Bereits vor den Wahlen sorgt Joe Biden mit seinem Wesen und seinen Entscheidungen für einige Premieren. So ist er der erste demokratische Präsidentschaftskandidat seit Walter Mondale vor bald 40 Jahren, der keine Elite-Universität besucht hat. Er schliesst sein Politikwissenschafts- und Geschichtsstudium 1964 an der University of Delaware ab, drei Jahre später folgt das Berufsdoktorat als Jurist, woraufhin er als Anwalt arbeitet.
Und auch die Wahl seines Running Mates ist eine Premiere: Vergangene Woche gibt er bekannt, dass er mit Kamala Harris, 55, ins Rennen gehen wird. Sie könnte die erste Vizepräsidentin der USA werden – und die erste Frau mit afroamerikanischen Wurzeln auf dem zweithöchsten Posten der USA.
Seine 50-jährige Erfahrung in der Politik hat bei Joe Biden keine reine Weste hinterlassen. Gegen ihn wurden in der Vergangenheit Vorwürfe laut, wonach sich Frauen bei Begegnungen mit ihm unangenehm gefühlt hätten. Er wurde allerdings von zahlreichen anderen Frauen verteidigt, so etwa von Susan Collins, einer republikanischen Senatorin aus Maine. Biden sei ein «natürlicher Berührer». Und auch Biden selbst entschuldigte sich nach zwei erneuten Vorwürfen, die besagten, dass er sich unangemessen verhalten habe. Er sagte, es sei nie seine Intention gewesen, Unwohlsein zu verursachen, und er habe niemals geglaubt, dass seine Aktionen unangemessen gewesen seien.
Im März dieses Jahres schliesslich erhebt eine ehemalige Mitarbeiterin Vorwürfe der sexuellen Nötigung gegen Biden und erstattet Anzeige, obwohl der Vorfall, der sich im Jahr 1993 abgespielt haben soll, bereits verjährt ist. Nachdem seine Vizemanagerin die Anschuldigungen bereits zurückgewiesen hat, nimmt Biden auf dem TV-Sender «MSNBC» im Mai erstmals Stellung. Die Vorwürfe seien nicht wahr. «Das ist nie passiert», beteuert er.
Noch heute gilt Biden nicht als guter Redner, verspricht sich zwischendurch, vertauscht Wörter oder verhaspelt sich. Das hat seinen Grund: Er hat als Kind gestottert. Bei einer Veranstaltung erzählte er, dass er gelernt habe, einfach irgendetwas anderes zu sagen, wenn er hängenblieb. Das passiert ihm auch heute noch ab und an.

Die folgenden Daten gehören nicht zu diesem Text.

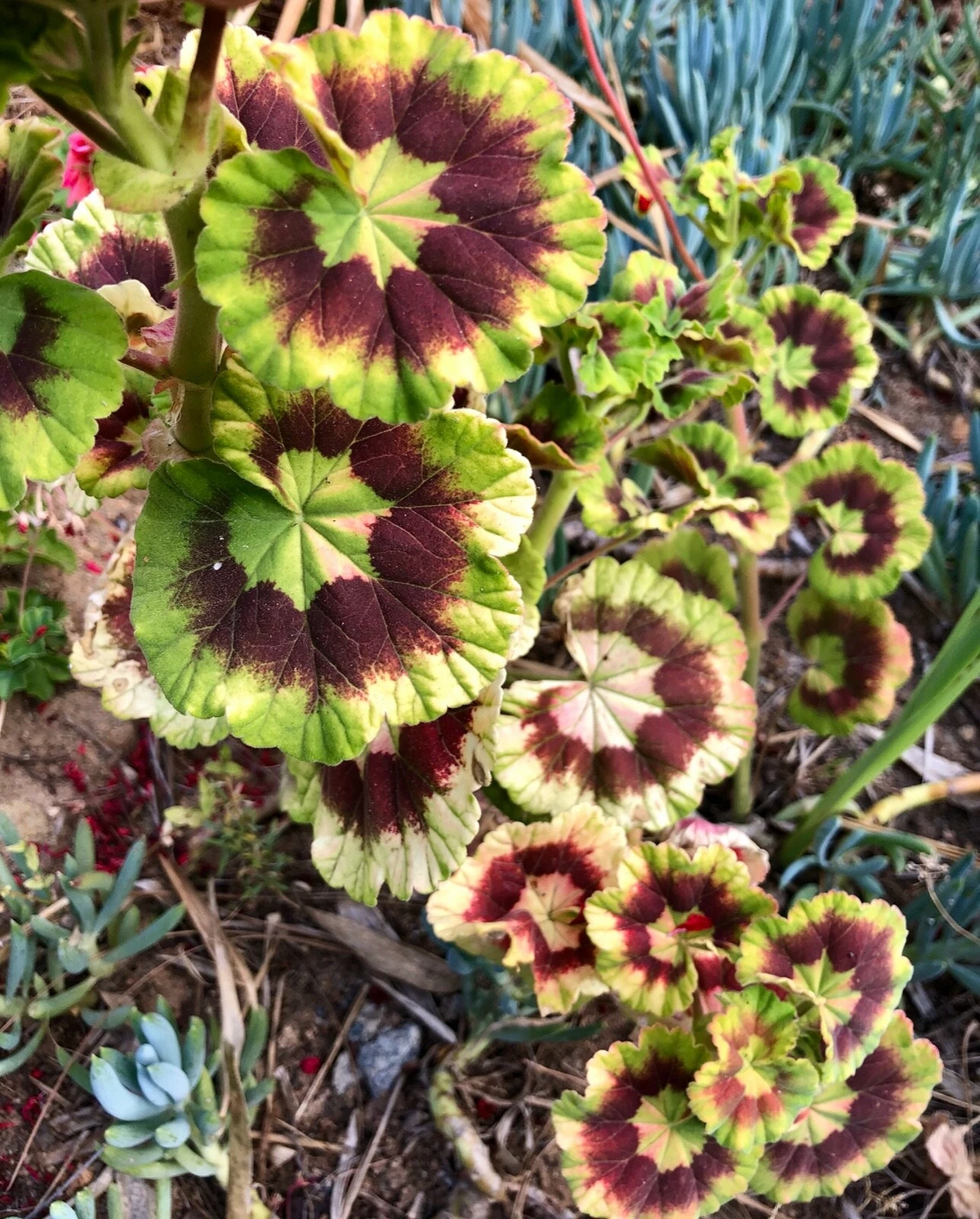 Variegated Pelargonium Zonal Geranium - 6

Für Trump ein gefundenes Fressen: Seine ehemalige Sprecherin Sarah Huckabee Sanders nimmt Bidens Sprechweise Ende letzten Jahres auf Twitter auf die Schippe. Biden reagiert gelassen. «Ich habe mein ganzes Leben gearbeitet, um das Stottern zu überwinden. Und es ist mir eine grosse Ehre, Kinder zu unterstützen, die dieselben Erfahrungen gemacht haben», kontert er beim Kurznachrichtendienst. «Das nennt man Empathie.»

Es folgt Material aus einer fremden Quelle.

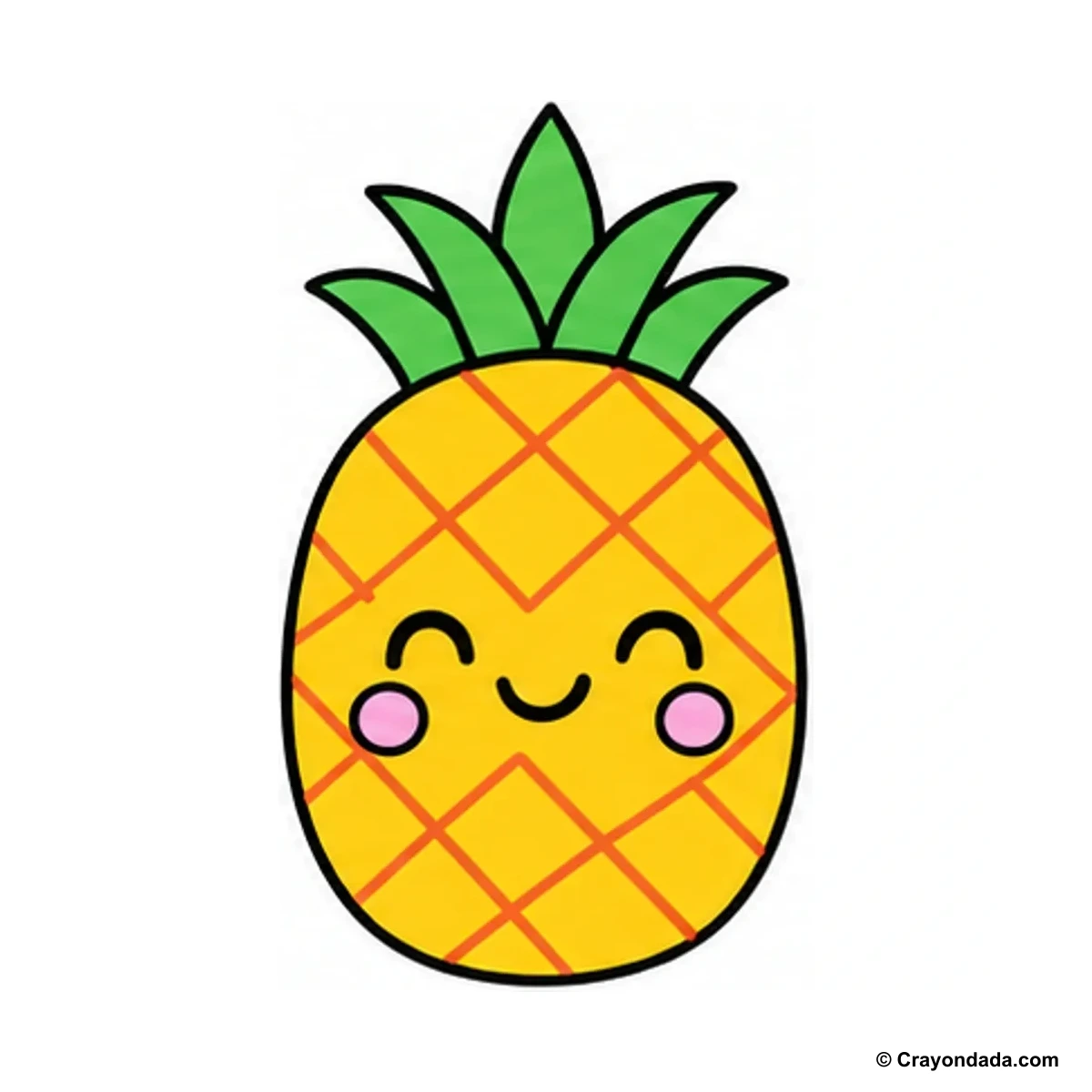 How to Draw a Pineapple finished drawing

Obwohl Huckabee Sanders zum Zeitpunkt des diffamierenden Tweets nicht mehr für Trump tätig ist, wird ihre Aussage als republikanischer Affront gegen Biden verstanden – und damit als Stichelei vonseiten Trumps.
Ohnehin lässt der amtierende US-Präsident kaum eine Gelegenheit aus, gegen seinen Gegner zu wettern. Gerade erst bezeichnete er Biden als «Marionette der radikalen linken Bewegung». Die, so Trump, strebe die «vollständige Beseitigung der Grenzen Amerikas an». Und bei einer Veranstaltung in einer New Yorker Polizeigewerkschaft liess er über einen Spitznamen für seinen Gegner abstimmen. «Was ist besser: ‹Schläfriger Joe› oder ‹Langsamer Joe?›», fragte er.
Biden selbst nannte Trump einen «absoluten Idioten» – allerdings erst, nachdem sich dieser über seine Gesichtsmaske lustig gemacht hatte. Ansonsten zeigt er sich menschlich und nahbar. Als Mitte August Trumps Bruder stirbt, kondoliert ihm sein Gegner via Twitter. «Jill und ich sind traurig, vom Tod Ihres jüngeren Bruders Robert zu erfahren. Ich kenne den gewaltigen Schmerz, jemand Geliebtes zu verlieren – und ich weiss, wie wichtig die Familie in diesen Momenten ist. Ich hoffe, Sie wissen, dass unsere Gebete Ihnen allen gehören.»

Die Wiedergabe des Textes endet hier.